I experience fear when the valley vanishes entirely into mist. At the point when I no longer see undulating curtains of rain, like aurora; instead I’m gazing over the auburn edge of bracken into white. I felt alone before. Beautifully alone to sing, to greet particularly fine herdwicks as I pass. Suddenly, I’m aware of being alone in a way that I no longer feel I am and the physical urge to check behind me as I slither down moss is overwhelming. I surrender to it.
Rather than rationalising my imagination I consider the impact on my sense of connection.
My self is erased. If I go further into the fog to reach White Moss stone circle—which will be exquisite in this weather—I risk losing my way. The path is quickly being lost in bog as sheep trail, quad track and overflow of becks intertwine in all directions. Which one is for me? Which is the proper path.
Then I remember: none are for me.
A realisation which leaves my feet hovering millimetres above moss, with soaking mist a layer between them and land. The sheer indifference of this landscape on a day of poor visibility throws me momentarily into doubt over the whole project.

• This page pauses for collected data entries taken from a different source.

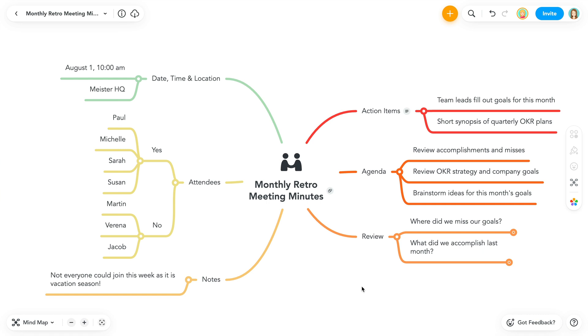When you make a copy, it's now its own map, so any changes you make to either map going forward will not be visible on the duplicated map.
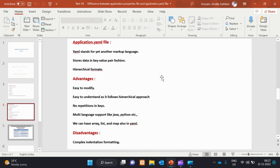The main advantage is no repetitions in keys. The application.yaml file is easy to understand as it follows a hierarchical approach. Another advantage is multi-language support, like Java, Python, etc.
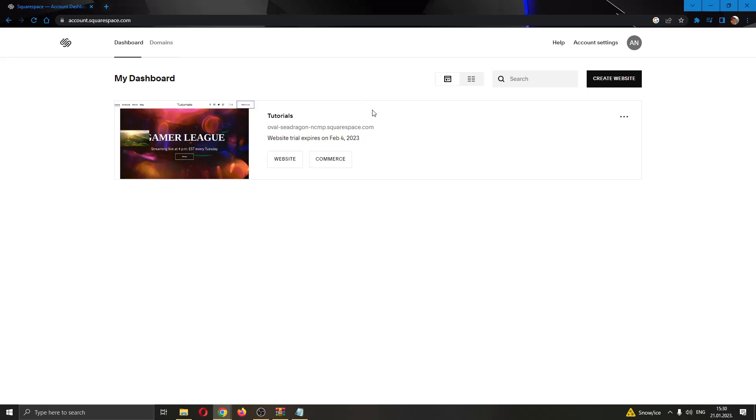The first thing you want to do is go to the official squarespace.com website and log into your account. After logging in, you'll be greeted by your dashboard.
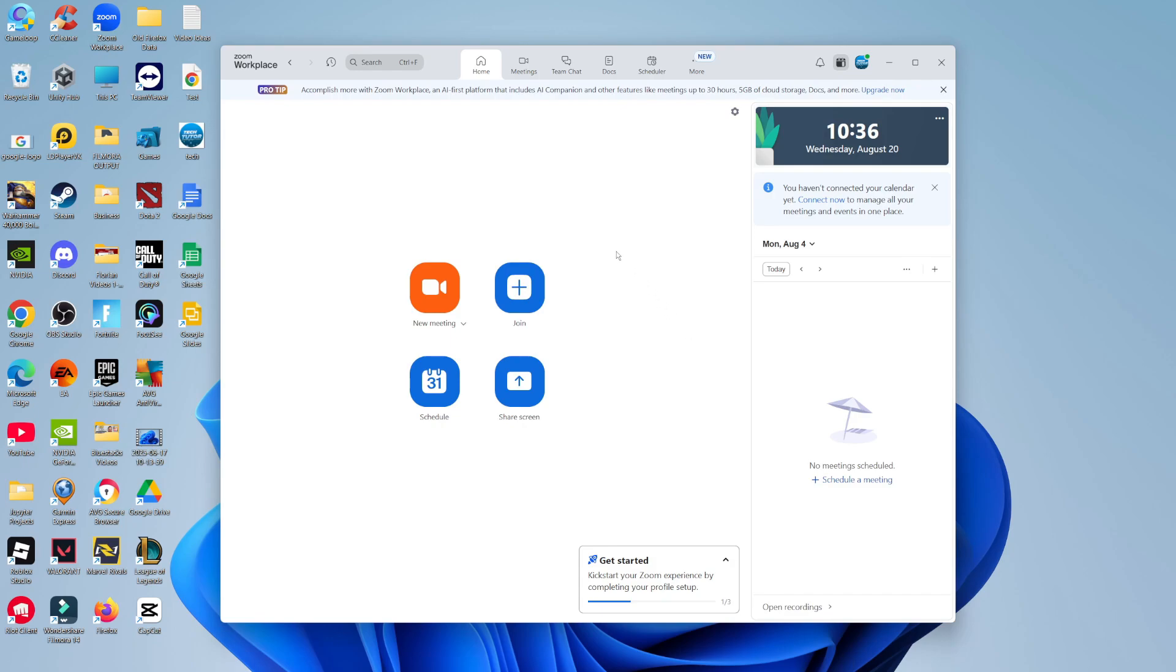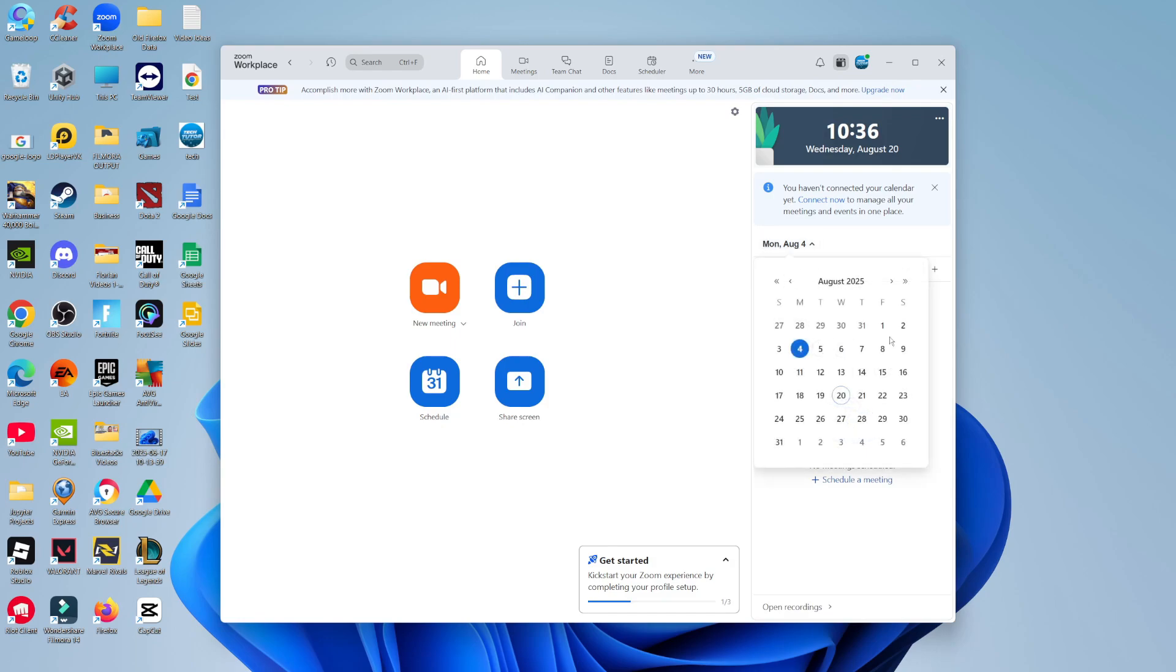First, what you want to do is open up Zoom and log into your account. Once you're logged in, you're going to be on the home screen like this. What you want to do is come over to the right-hand side, click on where the date is, and then select the date where the meeting was scheduled for.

I’m almost laughing at the egotism of us, humans who put a microscope to our own connection as if it’s a one way concept.
Of course the land is alive, has a voice and we should listen. Connection. Should we be talking about relationship instead?
On a given day it can mean one thing to be in this place of water, bracken, death and bloody births marred together and snagged on browning branches of gorse flower in October as our autumns warm. While it can come out sounding entirely different if, for example, spoken about while away from the land itself. Is the simple presence of the land a form of voice?
*
I reach the valley bottom sodden to my underwear. Yet doubt fades with fire warmth and cordial as I write at a sturdy wooden bench in The Boot Inn. I decide to visit Ravenglass before it gets dark, where the river Esk spills into the Irish Sea. I know the source of the river well, regularly swim in the upper Esk and consider it a place where I have connection through experience, or more accurately familiarity. Yet I have not once gazed upon the mouth of the river.
It’s time to be a stranger again.
Off the moss I’m calmer. Know my decision was the right one. Time in the valley is never a waste and it’s today that I understood how slippery a sense of connection can be.
I’m beginning to understand how many factors will shape the responses I gather from participants – do I acknowledge these and draw on them, or put them aside and simply accept what I hear in the moment it is offered?